■ **WHAT IS EXPECTED**:
The entries below hold a line with "Erkek Kahve Antik" and a line with "琉璃荷花摆件永生花佛龛佛堂供奉非遗灯工琉璃玄关电视柜家居摆件". Return those lines and all that lie between them, exactly and only.

■ **THE DATA**:
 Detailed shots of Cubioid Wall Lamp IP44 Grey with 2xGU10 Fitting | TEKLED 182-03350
---
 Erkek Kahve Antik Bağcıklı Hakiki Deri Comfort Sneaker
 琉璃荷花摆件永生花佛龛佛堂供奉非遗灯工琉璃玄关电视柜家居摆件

■ **ANSWER FOR THE TASK**:
 Erkek Kahve Antik Bağcıklı Hakiki Deri Comfort Sneaker
 琉璃荷花摆件永生花佛龛佛堂供奉非遗灯工琉璃玄关电视柜家居摆件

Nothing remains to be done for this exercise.